The actual truth is very simple.
The children of Zimbabwe left for Mozambique and Zambia in their thousands, to join the liberation struggle, to free this precious land which they loved so much.
They wanted to be part of the forces that were fighting to free Zimbabwe and nothing would stop them.
They would ask the freedom fighters if they could join them and the combatants would mostly say: “Ah! no you are too young.”
The children would pretend to agree, but then they would set out on their own and thousands crossed into Mozambique and Zambia.
Sometimes the freedom fighters would catch up with them and send them back, but the children would persist.
In some cases, the freedom fighters would realise that children would never give up so they would take them along.
In the majority of cases, however, the children found their way to Mozambique and Zambia on their own, sometimes walking from as far as Gokwe to Zambia.
They braved enemy bullets, angry rivers, wild animals, starvation; they never looked back, they never looked back until they got where they wanted to be, at the rear to be trained so that they could get back home with their AKs and free the nation.
There, they would sing with the others:
“I can hear Zimbabwe calling
I can hear Zimbabwe calling,
Take your arms and free the nation?”
They would sing from the heart because that was the call they had answered in crossing to the rear.
They braved it when they were told that they could not be trained because they were below 18 years of age, but they would be put into schools until they were old enough to be trained to go home and fight.
The camp schools were run along military lines and this is what consoled the children.
The teachings were about the struggle, why they were in the struggle, what their role was during the struggle and after independence, the military drills, self –defence tactics, the parades, the toi-toi, everything was as in the military camps except that they were not given full military training and they were not armed, but they were as ready as any fighters were trained to be in our war of liberation.

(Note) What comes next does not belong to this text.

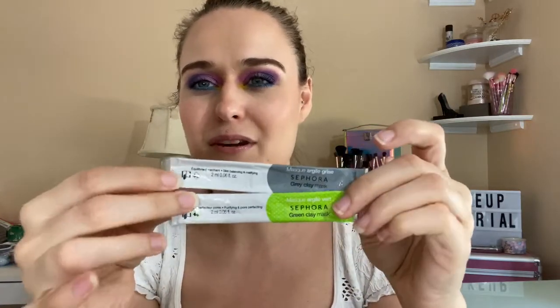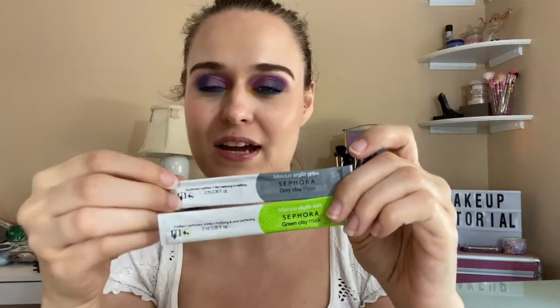I got these two Sephora clay masks. I'm always debating on getting these. The full size is on sale for $3.00, and it smells amazing. For $3.00 you can't beat full size, and they might last you a long time. I used these up — they're a green clay mask and a clay mask in gray. These are really good. I have other face masks I need to get through and use up.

This military set up, this military education, the military ethos and the teachings about the cause of our armed struggle is what consoled the children because this is why they had left the comfort of home and braved every danger and this is what strengthened them to face all the hardships and dangers of the struggle.
They were freedom fighters; only too young to be fielded to face the enemy in combat.
But they were fighters, they were part of the moral force that opposed unto death, the invasion and subjugation of our country by British armed bandits.
They were prepared to shed their blood for Zimbabwe and they did.
They were not only killed at Chimoio.
They were massacred at Nyadzonia, Pasi Chigare and Mkushi and other places in Zambia and Mozambique.
They freely gave their lives for this precious land called Zimbabwe.
This is such precious history, such precious heritage we would lose if we went along with Christopher Farai Charamba’s story of Chindunduma being a school for children of ‘operatives at Chimoio’.
Chindunduma was the school for Zimbabwe’s youngest heroes who had left the comfort of home to face a most vicious and brutal machinery, that of the Smith regime.
They bore the brunt of the enemy’s brutality, but never gave up and they still sung even as they buried their friends.
Finally, there is a question that begs an answer.
“If the combatants had been so pre-occupied with baby-making as Farai Charamba’s article suggests, would we have succeeded in routing the Smith regime?”
It was a vicious war, it was perilous even for adults, so how would you make it if you had baby after baby?
It is true people found love and some married and it was permitted.
What was not permitted was adultery, but the combatants are people who had left home to prosecute the liberation struggle so that they could free Zimbabwe.
They had made a choice not to stay at home and marry and raise families, but to fight for their country.
Surely they could not have forgotten their mission and decided to settle at the rear and have families.
The priorities never changed for the combatants.
They had left home to free Zimbabwe and that was their main pre-occupation in the armed struggle.